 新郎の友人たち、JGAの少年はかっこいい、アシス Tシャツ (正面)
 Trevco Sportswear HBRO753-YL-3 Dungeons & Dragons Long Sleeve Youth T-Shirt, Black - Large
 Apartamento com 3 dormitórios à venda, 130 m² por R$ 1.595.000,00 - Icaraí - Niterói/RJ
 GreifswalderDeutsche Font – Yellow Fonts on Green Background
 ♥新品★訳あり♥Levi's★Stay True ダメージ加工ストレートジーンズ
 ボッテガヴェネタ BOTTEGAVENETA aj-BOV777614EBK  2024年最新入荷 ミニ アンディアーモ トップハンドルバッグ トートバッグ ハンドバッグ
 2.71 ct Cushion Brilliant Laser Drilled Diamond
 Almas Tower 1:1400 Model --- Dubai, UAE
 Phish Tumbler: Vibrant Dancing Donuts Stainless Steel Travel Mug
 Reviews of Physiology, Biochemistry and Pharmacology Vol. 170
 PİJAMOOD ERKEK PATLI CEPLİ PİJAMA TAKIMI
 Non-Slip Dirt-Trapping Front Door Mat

* * *

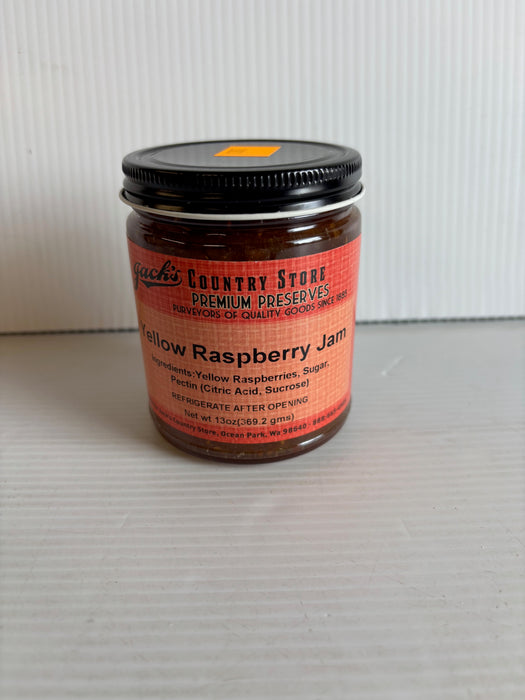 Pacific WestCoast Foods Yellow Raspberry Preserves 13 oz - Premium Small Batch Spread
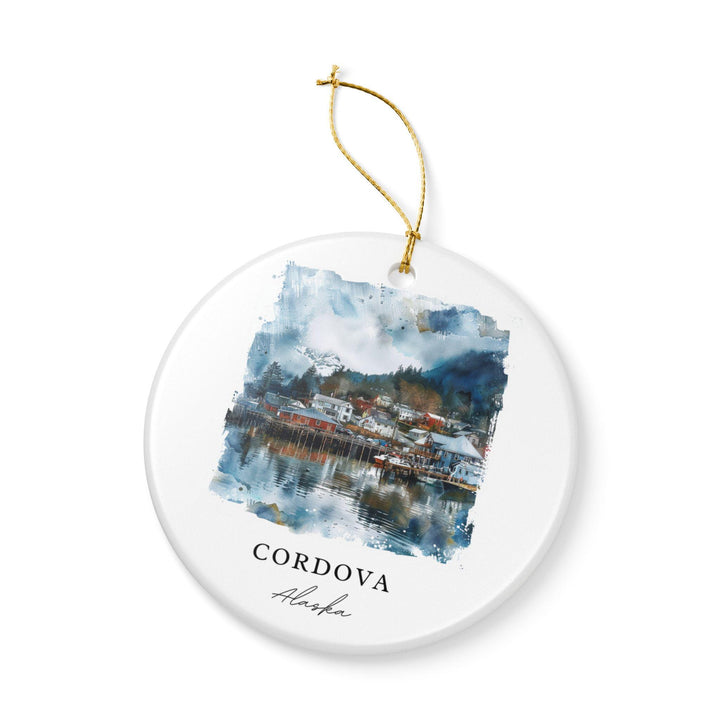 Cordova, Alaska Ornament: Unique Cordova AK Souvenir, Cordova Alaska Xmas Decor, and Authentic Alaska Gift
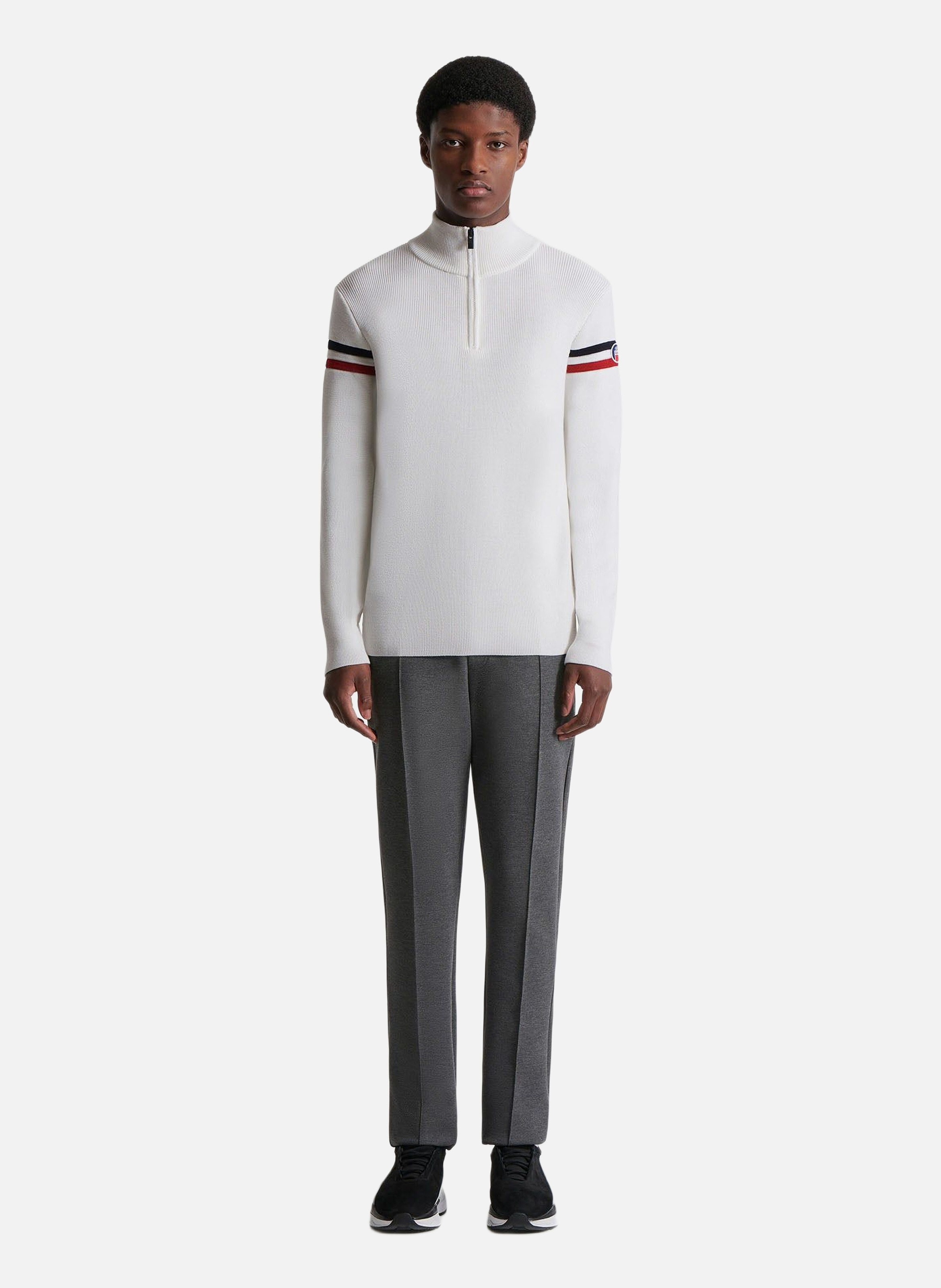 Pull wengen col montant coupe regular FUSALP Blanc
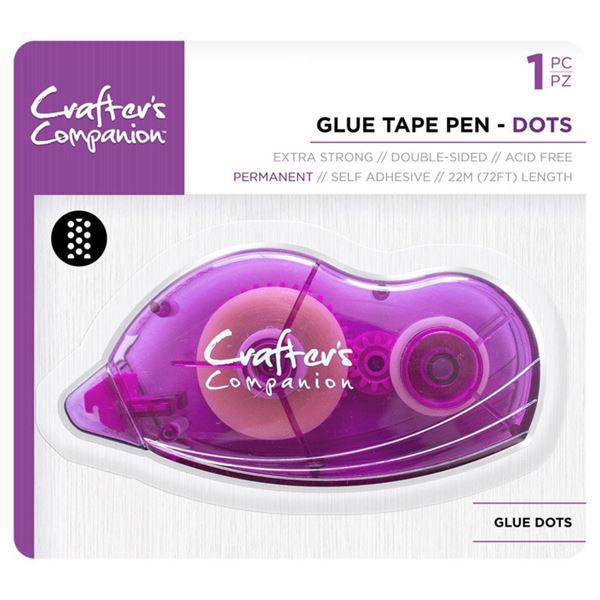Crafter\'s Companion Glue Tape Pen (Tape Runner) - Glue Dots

**EXERCISE DETAILS**
Return a word-for-word copy of the lines above from the one holding "Phish Tumbler: Vibrant" through the one holding "Non-Slip Dirt-Trapping Front Door Mat", with both of them included and nothing besides.

**OUTPUT OF THE TASK**
 Phish Tumbler: Vibrant Dancing Donuts Stainless Steel Travel Mug
 Reviews of Physiology, Biochemistry and Pharmacology Vol. 170
 PİJAMOOD ERKEK PATLI CEPLİ PİJAMA TAKIMI
 Non-Slip Dirt-Trapping Front Door Mat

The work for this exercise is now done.